## EXERCISE REQUIREMENTS:
Type the listing below out again exactly. No images.

## THE DATA:
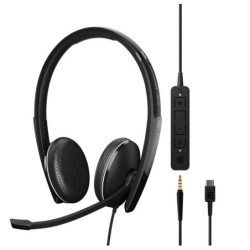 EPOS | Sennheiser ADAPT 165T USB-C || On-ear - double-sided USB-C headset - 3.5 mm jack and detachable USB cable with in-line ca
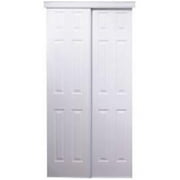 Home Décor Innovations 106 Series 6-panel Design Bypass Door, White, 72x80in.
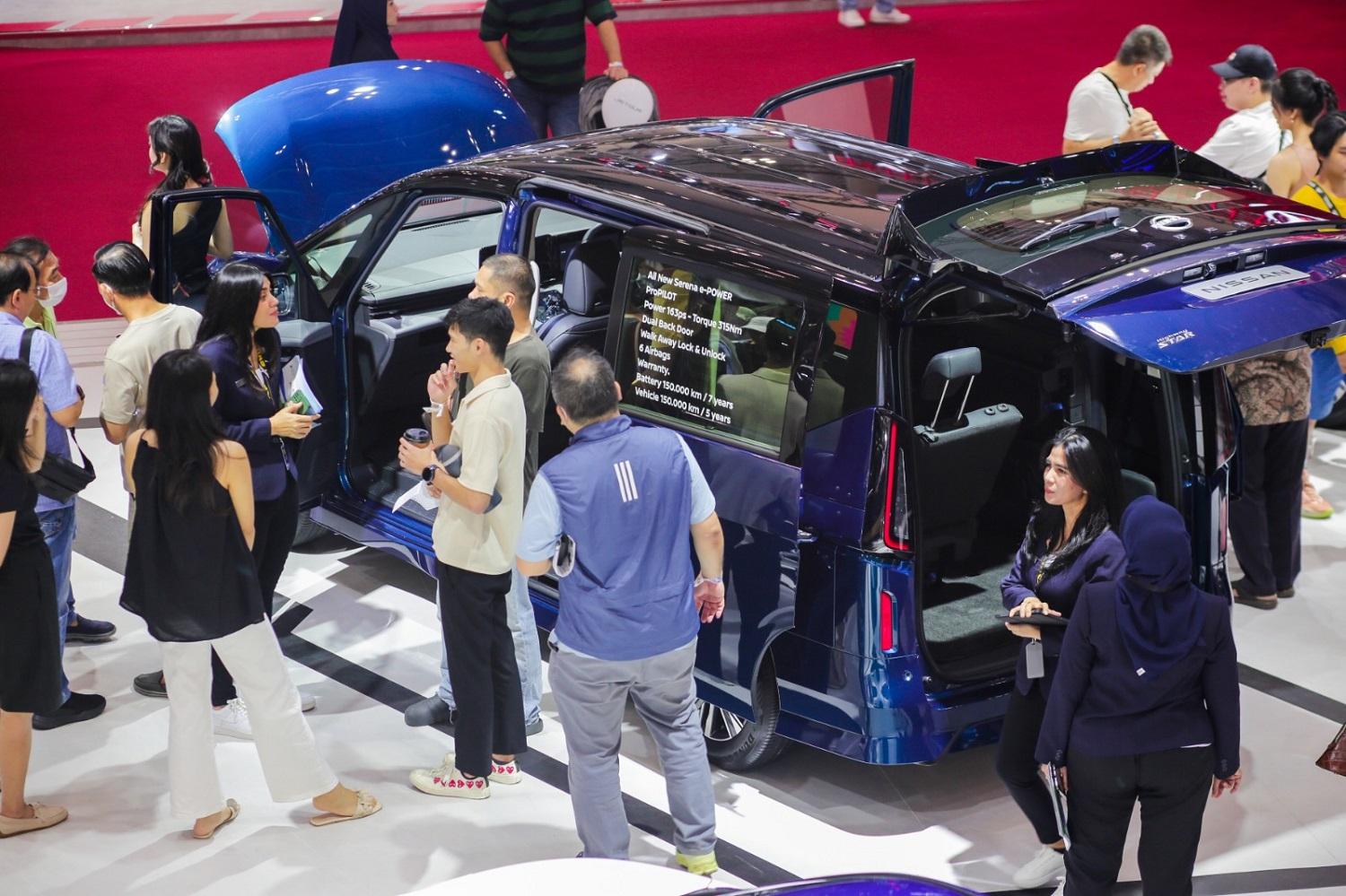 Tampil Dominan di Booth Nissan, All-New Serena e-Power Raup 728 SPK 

## TASK SOLUTION:
 EPOS | Sennheiser ADAPT 165T USB-C || On-ear - double-sided USB-C headset - 3.5 mm jack and detachable USB cable with in-line ca
 Home Décor Innovations 106 Series 6-panel Design Bypass Door, White, 72x80in.
 Tampil Dominan di Booth Nissan, All-New Serena e-Power Raup 728 SPK 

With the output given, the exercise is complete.